All indications are that the Democrats will underperform in the House this November. (They only have a majority of two right now - oh, how Chuck Schumer is jealous.) Assume the Democrats lose the House, but hold on to a thin Senate majority. What is or should be their plan for the next two years of divided government?
Presumably President Biden has already done everything at his discretion to advance his policy priorities. Will the Democrats stoop to the Republicans’ level - drop virtually everything from their platform and compromise on judicial and executive appointments? Will Biden & Cabinet start throwing everything they have - legally dubious or not - at the wall, hoping something sticks? Or has everything with a chance already been thrown? Will we be looking at a repeat of the Trump years, in terms of effective governance?
How can the Democrats survive two years of gridlock? Or will they simply consign themselves to another defeat in 2024? I mean, most of the rank and file that survive the midterms will be ultimately “safe”. Maybe there will be no plan, as in so many years prior, only whining and inaction.

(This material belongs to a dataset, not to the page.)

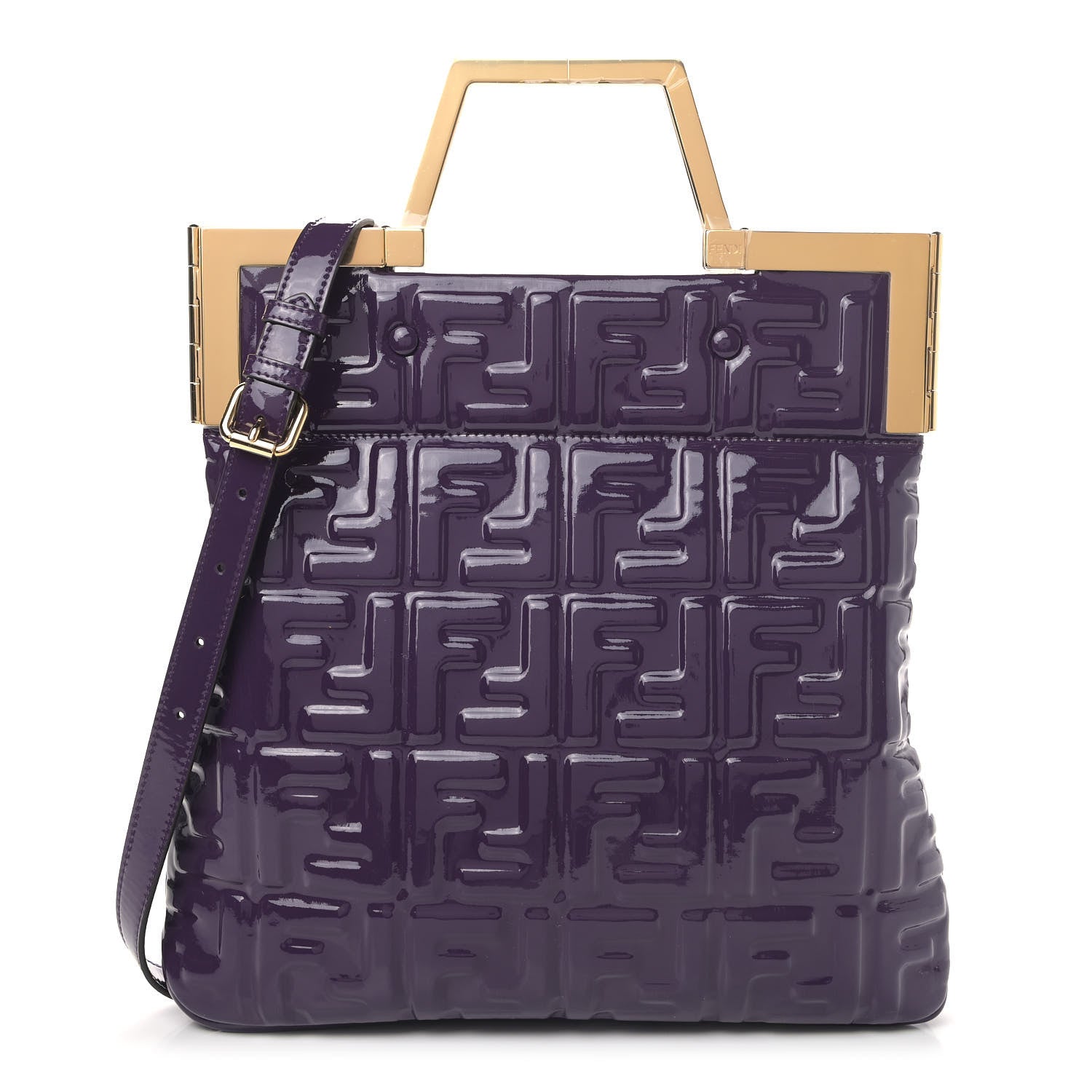 Fendi Patent FF 1974 Embossed Small Shopping Flap Bag Viola 1 of 4
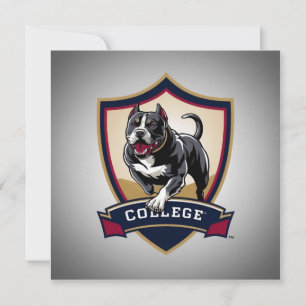 Running PitBull College Logo Invitation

Maybe there can be no plan.
I’m not sure what you mean by this – if Democrats continue to hold a majority in the Senate, they don’t need to compromise on appointments.
Reagan, Clinton and Obama all went on to be comfortably reelected two years after suffering massive defeats in their first midterm. I assume the Democrat’s plan will be to paint the Republican House as a den of reckless, wild-eyed nutjobs who cannot be trusted with governance. I don’t imagine it will be too difficult.
You ever think about how dystopian it is that our elected officials have to continually beg us for money, and barring that, get big donations from corporations and plutocrats? What a profoundly broken system this is that money plays such a large role in who gets elected (and of course, the amount of money that gets quietly pocketed in the process).
Anyway, the plan will be to beg for money because that’s the only hope of winning in 2024.
I was thinking Republicans might ask the President to appoint a more conservative person as a concession when negotiating something entirely unrelated. Maybe that’s too far.
All three of these presidents lost control of Congress in their first term and never got it back. That has to put a damper on any political agenda. Clinton and Obama were succeeded by Republican presidents too. Reagan never had the House to begin with, and his party kept the presidency, but pre-Gingrich Republicans belong to a different era.
Clinton had massively more money than Trump. Currently the Democrats don’t have a fund-raising deficit compared to Republicans.
OP: all you need to do is to look at the Obama administration after he lost the Democratic majority. Basically, it will be a status quo administration. Biden will try to do things by changing regulations (particularly in the climate area). I expect many of these will be overturned by the Supreme Court.